Daiichi Sankyo Inc. Basking Ridge, New Jersey, United States
Background: The objectives of this analysis were to characterize edoxaban in pediatric patients as follows: (1) develop a population PK model; (2) develop a population PK-PD model to describe the relationship between edoxaban concentration and coagulation markers such as anti-FXa activity (AFXA), APTT, and PT; (4) compare the PK and PD relationships between pediatric and adult patients; (5) explore the relationship between edoxaban exposure and VTE/safety events; and (6) evaluate dosing options in the pediatric patients.
Methods: Concentration and PD data from 208 children from 1 phase I, and 2 phase III studies were used to perform an NLME analysis of the population PK and PKPD. Different compartmental models were evaluated to describe the population PK, while Emax or linear models were used describe the relationship between edoxaban concentration and PD endpoints. The effects of intrinsic/extrinsic factors on edoxaban PK and PK-PD were assessed.

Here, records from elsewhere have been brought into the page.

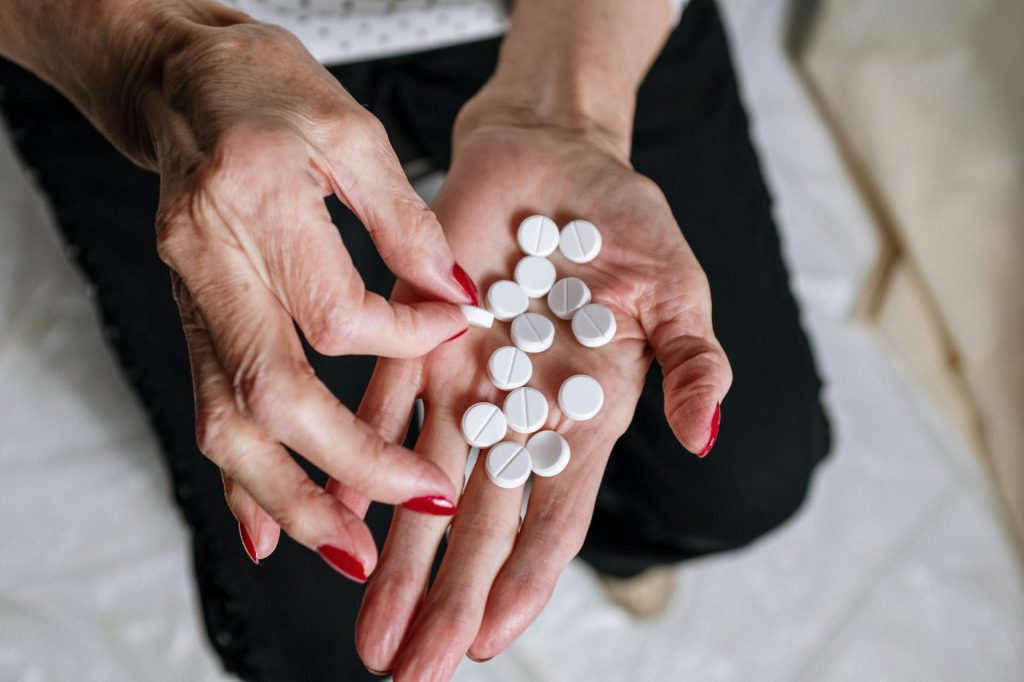person holding white round medication pill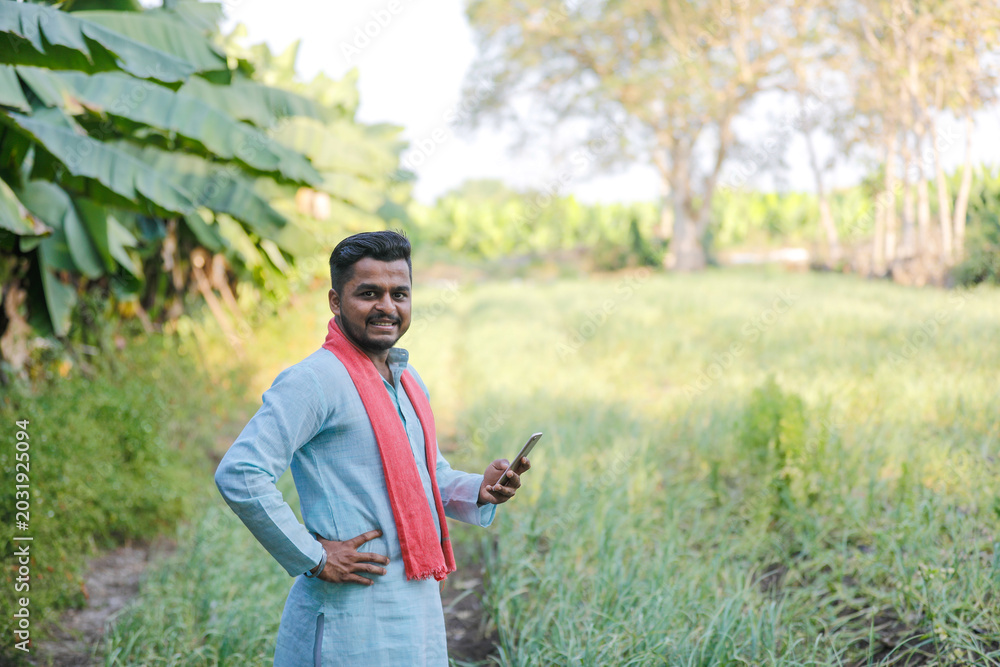 Fototapeta premium young indian farmer using smartphone standing at agricultural field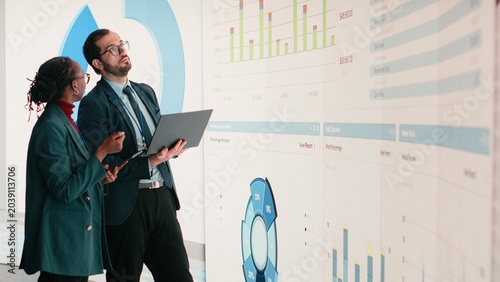 Obraz na plátně Corporate managers evaluate fiscal performance metrics on digital wall, collaborating, Diverse executive team discusses quarterly earnings report and shareholder equity charts during boardroom
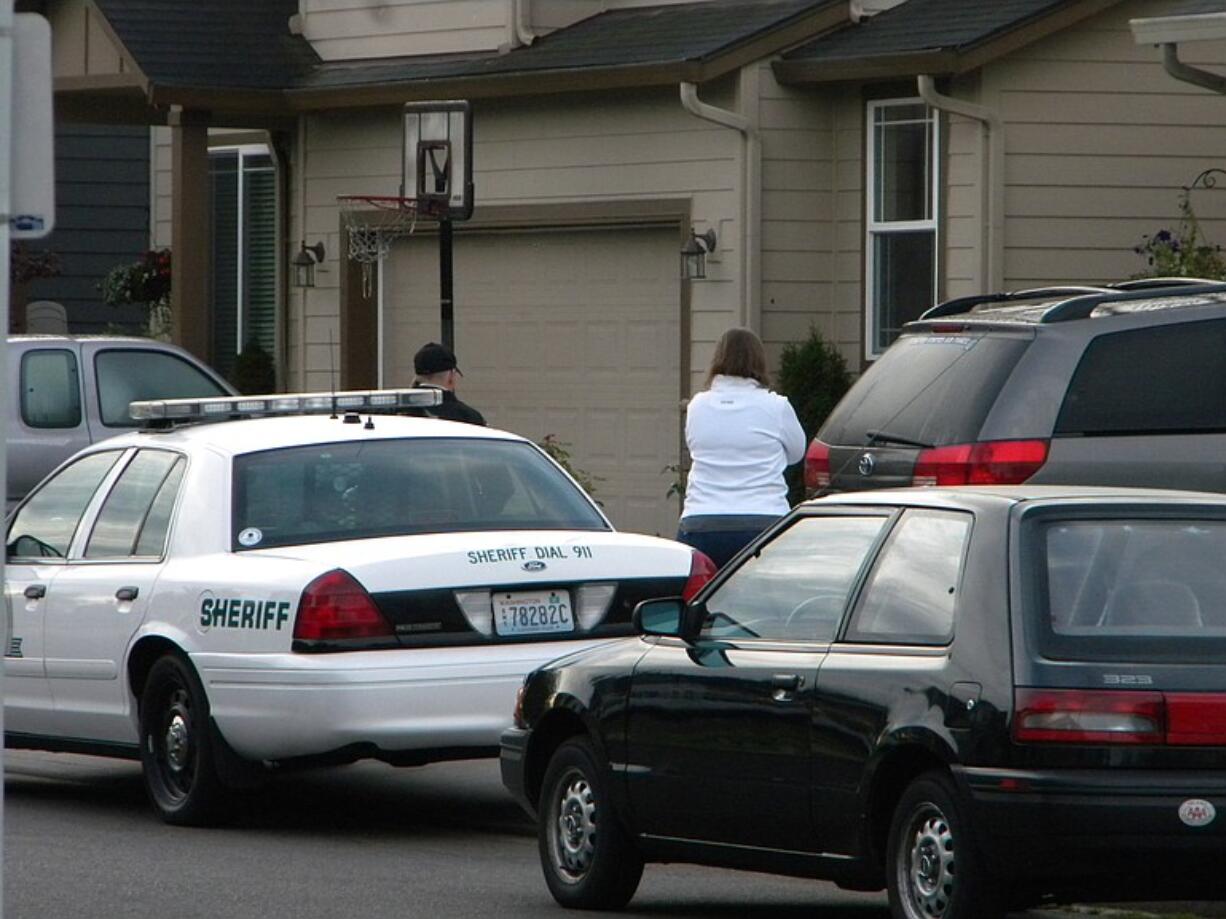 There was little activity Wednesday morning outside the Battle Ground home where a Clark County Sheriff's deputy's son accidentally shot himself Tuesday.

Results: A 2-compartment model adequately described the PK of edoxaban. Significant covariate effects were estimated for renal function, body weight, and formulation on absorption rate. A function based on renal maturation was applied to clearance. The clearance and central volume for a 70 kg patient with an eGFR of 110 mL/min/1.73 m2 were estimated to be 44.2 h/L (CV ~ 34%) and 44.0 L (CV ~ 36%), respectively. Simulations showed exposures across five age groups were comparable to that in adult patients receiving 60 mg once daily dose. The PKPD for AFXA was best fit with an Emax (9.44 IU/mL) model with an EC50 of 819 ng/mL. The PKPD for APTT and PT were best fit with linear models (slopes of 0.0471 and 0.0414 sec*mL/ng).
Conclusion: The models provided a reasonable estimation of the population PK and PD of edoxaban in pediatric patients. Pediatric exposures were consistent with prior adult estimates.